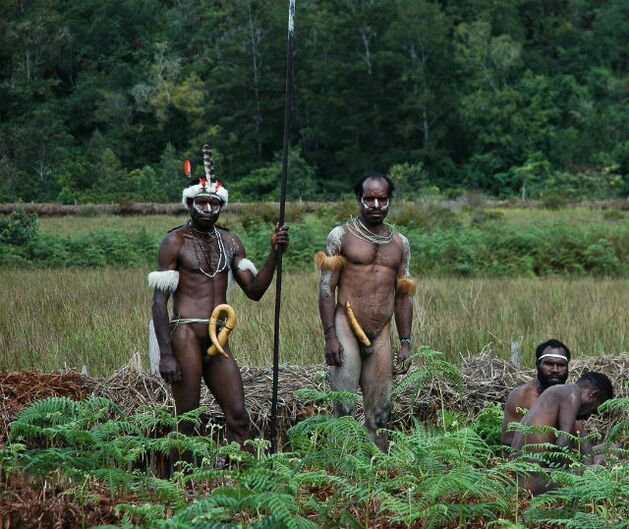 aborígenes con miembros agrandados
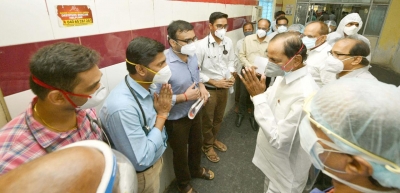 Telangana Cm Visits Gandhi Hospital, Interacts With Covid Patients-TeluguStop.com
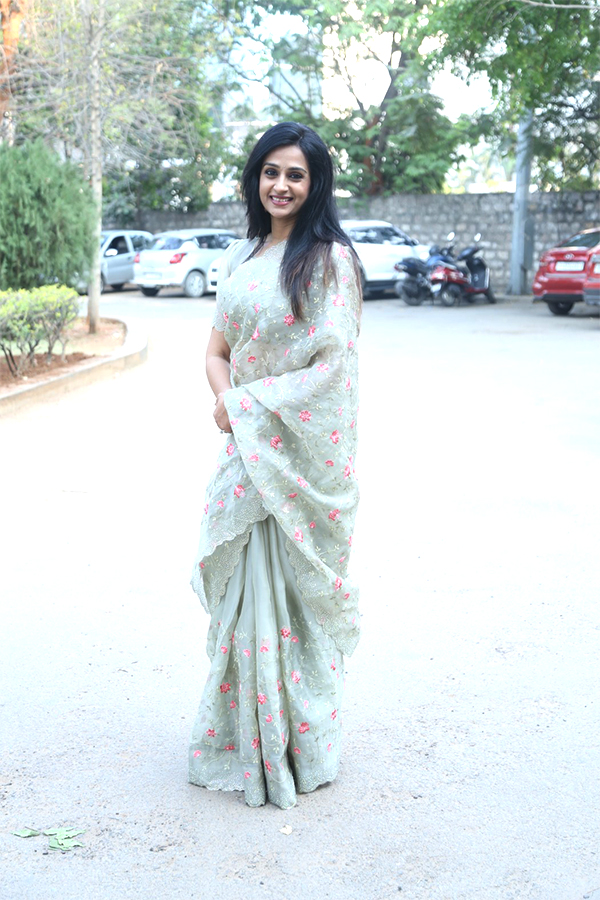 Actress_20Laya_20Latest_20Photos_20Viral_3.jpg 3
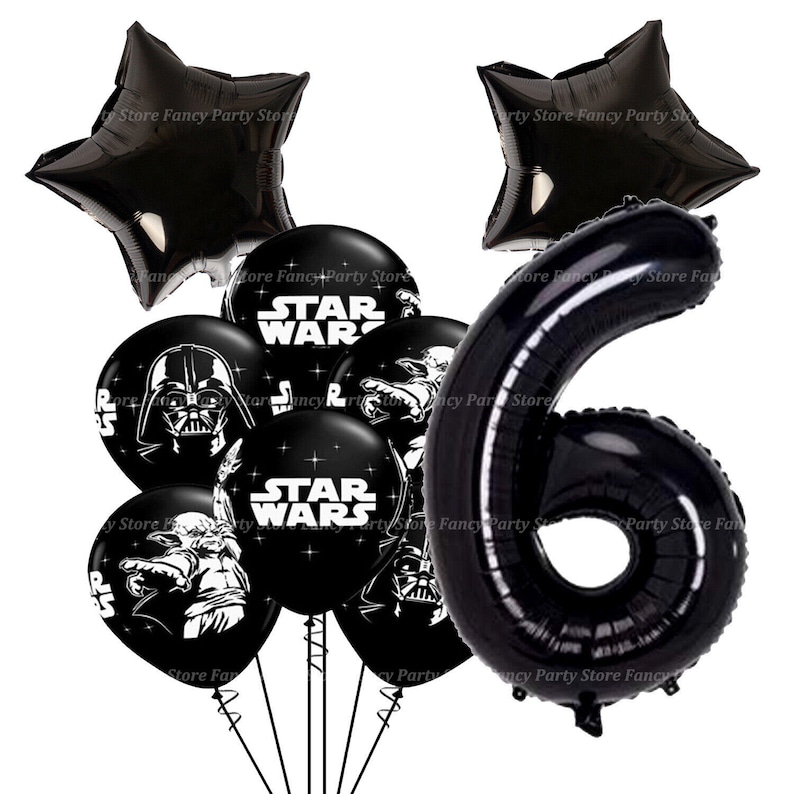 Puede incluir: Un conjunto de globos negros con tem&aacute;tica de Star Wars, que incluyen globos en forma de estrella y el n&uacute;mero 6. Los globos redondos presentan im&aacute;genes de Darth Vader y Yoda, con el logotipo de Star Wars. Ideal para una fiesta de cumplea&ntilde;os.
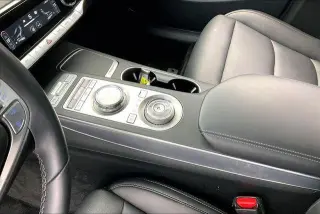 Genesis GV70 2023 AWD 2.5T Standard 4dr SUV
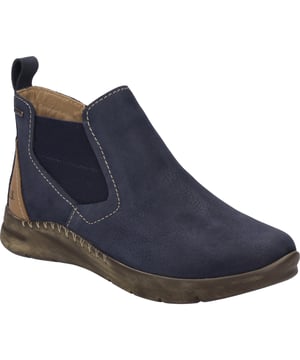 Entdecke mit Conny 57 in ocean-kombi von JOSEF SEIBEL ein Schuhwerk, das mehr als nur eine Stiefelette für Damen darstellt. Wir fertigen diesen Schuh aus edlem Nubukleder, einem hochwertigen Rindsleder, und einer Innenfütterung aus Textil. Wir versprechen dir nicht nur eine exzellente Haltbarkeit, sondern auch eine wohlig warme Begleitung durch die kühleren Monate. Dank unserer herausnehmbaren Textilinnensohle kannst du Conny 57 individuell anpassen und somit die Möglichkeit nutzen, ein eigenes orthopädisches Fußbett zu verwenden. Durch die Verwendung von Polyurethan für die Sohle erzielen wir einen leichten, dämpfenden Effekt, der das Gehen in diesen Stiefeletten zu einem wahren Vergnügen macht. Dieses Material, bekannt für seine gummiähnlichen Eigenschaften, verleiht der Sohle eine bemerkenswerte Leichtigkeit. Unser Reißverschluss erleichtert das An- und Ausziehen, während die wasserabweisende Beschaffenheit sicherstellt, dass deine Füße auch bei unbeständigem Wetter trocken bleiben. Conny 57 ist ein Symbol für unsere Philosophie bei JOSEF SEIBEL, die Style und Bequemlichkeit mit einem charakterstarken Design vereint. Die Strobel-Machart, eine traditionelle Verbindungsart vom Schaft mit der Außen-Zwischensohlenkombination, fördert die Stabilität und Langlebigkeit. Als Teil unserer Spirit of Nature Kollektion steht dieses Modell für eine nachhaltige Mode, die sich bewusst von der schnellen, vergänglichen Fast Fashion abhebt. Mit Conny 57 in Freizeit und Outdoor-Abenteuern unterwegs, erlebst du nicht nur die Welt mit jedem Schritt, sondern tust dies auch mit einem Gefühl von lässiger Eleganz und unübertroffener Gemütlichkeit. Wir laden dich dazu ein, die Vielseitigkeit von Conny 57 zu entdecken, von entspannten Spaziergängen bis hin zu lebhaften Stadterkundungen, und dabei stets auf kompromisslose Qualität und traditionelles Handwerk zu setzen.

----------------------------------------

• **What is being asked**: Please quote the lines of the material, beginning with the first and ending with the one that contains "Genesis GV70 2023 AWD 2.5T Standard 4dr SUV", exactly as written and without any pictures.

• **Answer to this task**:
 aborígenes con miembros agrandados
 Telangana Cm Visits Gandhi Hospital, Interacts With Covid Patients-TeluguStop.com
 Actress_20Laya_20Latest_20Photos_20Viral_3.jpg 3
 Puede incluir: Un conjunto de globos negros con tem&aacute;tica de Star Wars, que incluyen globos en forma de estrella y el n&uacute;mero 6. Los globos redondos presentan im&aacute;genes de Darth Vader y Yoda, con el logotipo de Star Wars. Ideal para una fiesta de cumplea&ntilde;os.
 Genesis GV70 2023 AWD 2.5T Standard 4dr SUV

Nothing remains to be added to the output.